Data supplied:
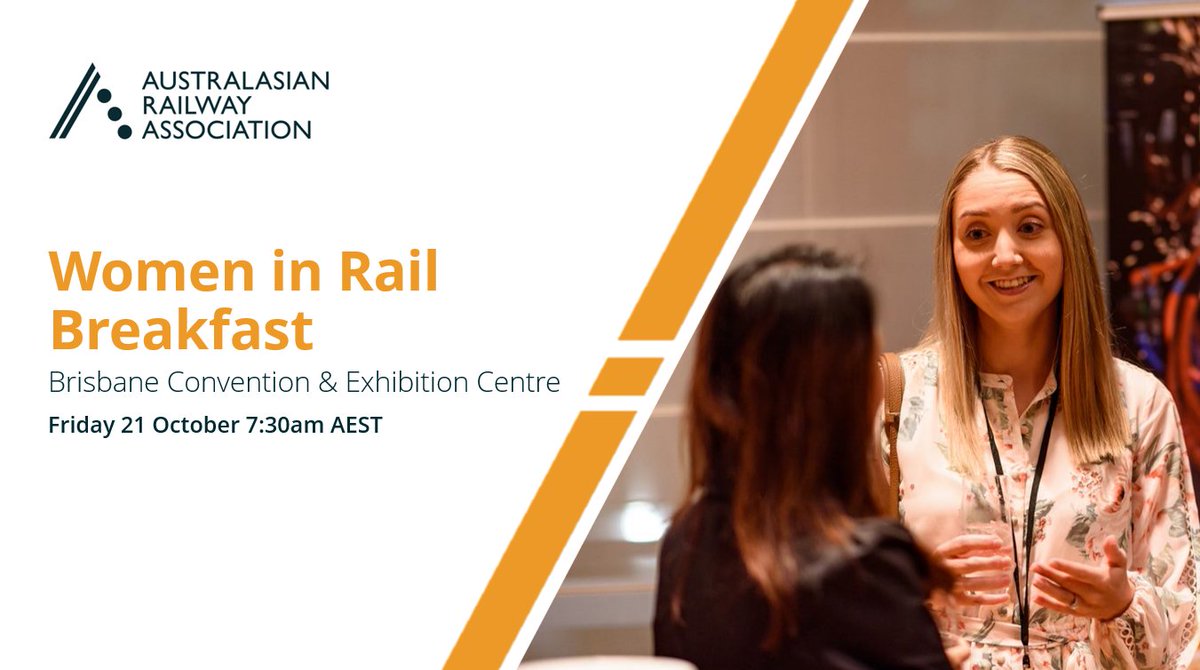 Don’t miss the Women in Rail Breakfast at this year’s Rail Freight Conference. ARA members and conference delegates are welcome to register for this event at ara.net.au/events/upcomin…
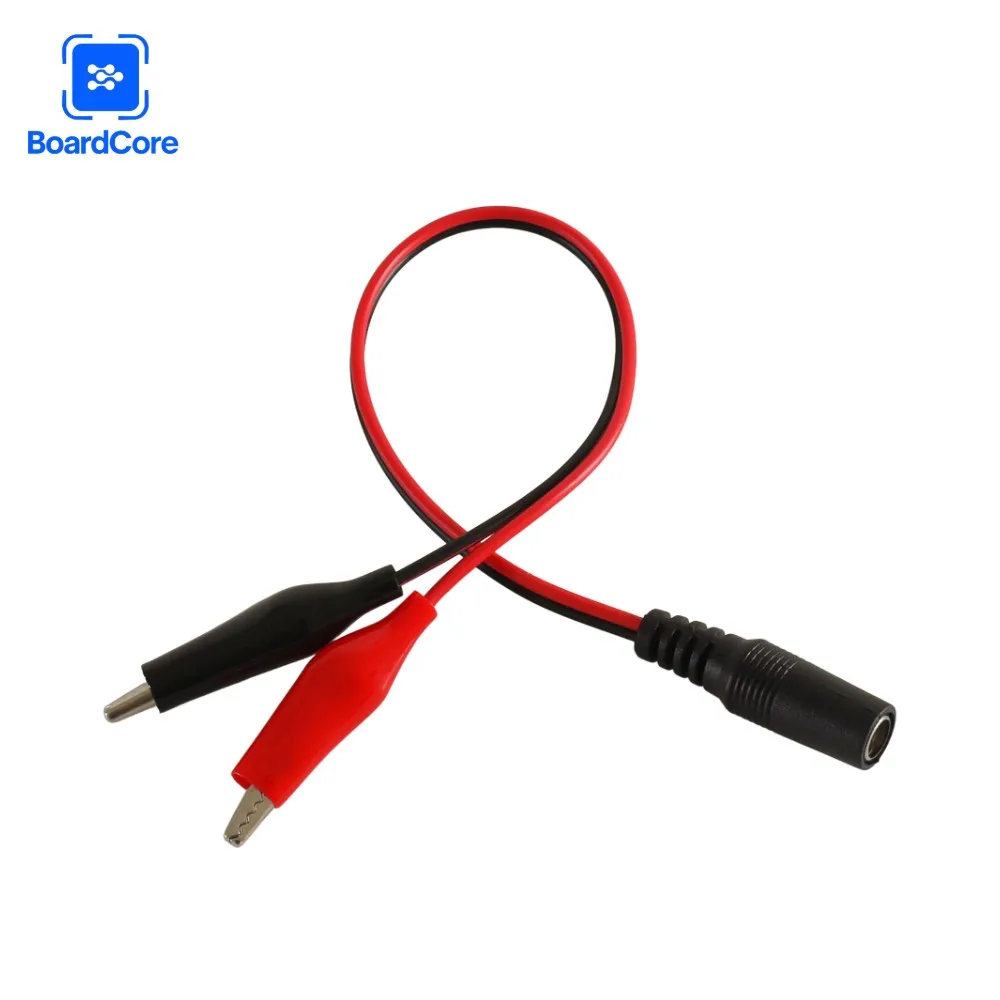 Krokodilklemme, Stecker auf Buchse, DC-Netzstecker, Adapterstecker, 25 cm, Messleitung, DC 5,5 x 2,1 mm, Krokodilklemmen, Verbindungsleitung Image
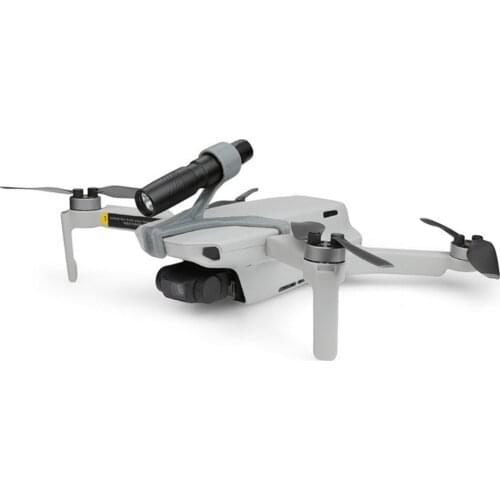 Night Flight Light Searchlight Bracket Kit for DJI Mavic Mini Drone Quick Release Mount Holder Flashlight Torch Lamp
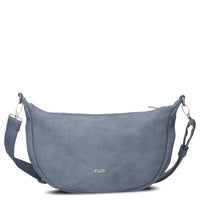 zwei Mademoiselle M70 - Bolso bandolera 34 cm (nubuck cielo)
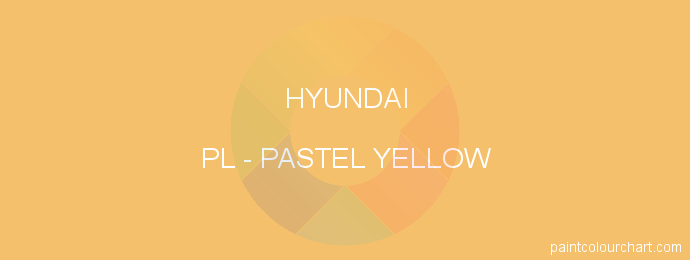 Hyundai paint PL Pastel Yellow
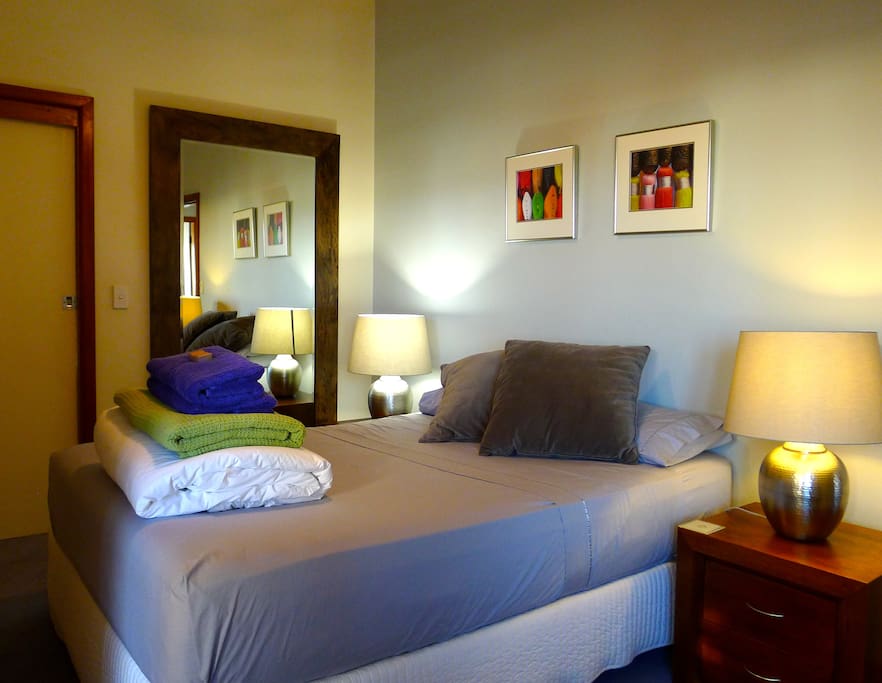 Bedroom 1 with ensuite bathroom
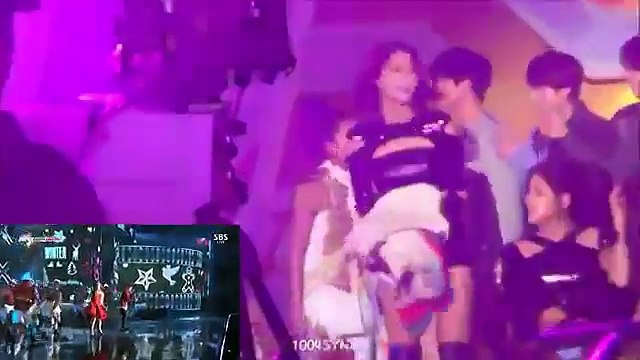 EXO, WINNER(ft. Ailee) watching AKMU - Wonder Winter Land and 200% at SBS Gayo Daejun 2014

Your goal: Copy the data verbatim, skipping any image it holds.

Answer to the exercise:
 Don’t miss the Women in Rail Breakfast at this year’s Rail Freight Conference. ARA members and conference delegates are welcome to register for this event at ara.net.au/events/upcomin…
 Krokodilklemme, Stecker auf Buchse, DC-Netzstecker, Adapterstecker, 25 cm, Messleitung, DC 5,5 x 2,1 mm, Krokodilklemmen, Verbindungsleitung Image
 Night Flight Light Searchlight Bracket Kit for DJI Mavic Mini Drone Quick Release Mount Holder Flashlight Torch Lamp
 zwei Mademoiselle M70 - Bolso bandolera 34 cm (nubuck cielo)
 Hyundai paint PL Pastel Yellow
 Bedroom 1 with ensuite bathroom
 EXO, WINNER(ft. Ailee) watching AKMU - Wonder Winter Land and 200% at SBS Gayo Daejun 2014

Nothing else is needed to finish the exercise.